A massive, hard, cut chest is high on the list of most body builders, both pro and amateur. Unfortunately, there is so much bad info out there when it comes to properly stimulating the pectorals that chests like I just described are becoming a thing of the past.
The big key to building the pecs you need is to choose movements that maximally stimulate the pectoral muscles. The first movement that springs to mind for most lifters when they think of pec exercises is the flat barbell bench press. But the bench press is not a great pec builder unless you happen to have the optimal leverage for it. On top of that, most people do the bench press incorrectly. If you put together bad leverages and bad technique it's no wonder you feel the bench more in your shoulders and triceps than in your pecs!

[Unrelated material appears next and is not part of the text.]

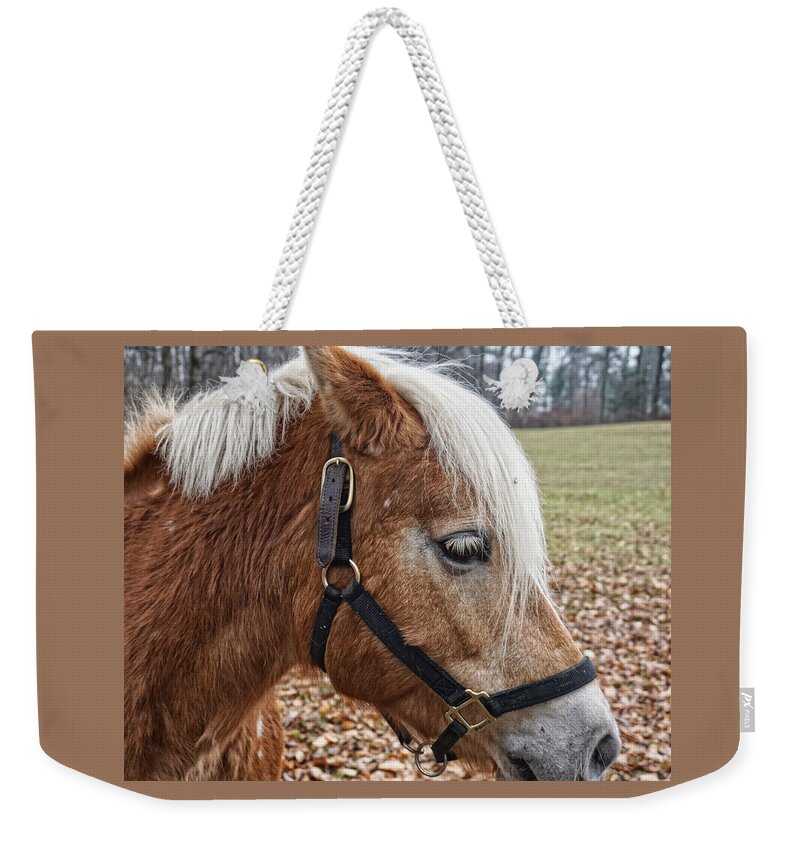 Horse Weekender Tote Bag featuring the photograph Rockefeller Horse Blondie by Russel Considine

Let's take a look at 3 of the best chest exercises. But keep in mind that if these are done with bad technique you are cutting your muscle growth short and may be setting yourself up for injury. To prevent this from occurring make sure to get some technique tips from an expert so that you can build the pecs you want without getting injured.
Flat Paused Bench Presses
I realize I just finished saying that the bench press is not the best chest building exercise, but there are particular variations that work the pecs well, assuming you perform them properly. The paused BB bench press is one such variation. By pausing the bar at the chest for 1 to ten seconds before pressing it back to lockout you kill the stretch reflex and lose any stored elastic energy you created while lowering the weight. This makes pressing the weight back up much harder, but it will also force your pecs to produce a huge amount of force in order to press the bar from your chest back to the starting position.
Cable Crossovers
Even though different versions of the bench press are good, to really isolate on the chest you need to work on the flying motion. This can be done with a variety of exercises, but I really prefer cable crossovers here because of the consistent tension the weight stack gives you throughout the entire range of motion. The key here is to concentrate on getting a good stretch at the start and keeping constant tension on the chest throughout the movement. This is a fantastic concluding exercise to any chest session.
Inclined Dumbbell Bench Presses
One of the common complaints of bodybuilders is not just their overall chest mass, but their upper chest size in particular. Incline presses are a great solution to this because they emphasize the upper portion of the pecs, which gives the appearance of a higher chest, without giving you man boobs. The use of dumbbells is a good addition here as they will allow you to get a deeper stretch in the bottom of the exercise. This deep stretch activates a lot of untrained muscle fibres in the upper chest which can jump start new muscle growth.
Keep in mind that while these exercises are fantastic for building powerful pecs, they must be done with the right technique in order to get the most from them.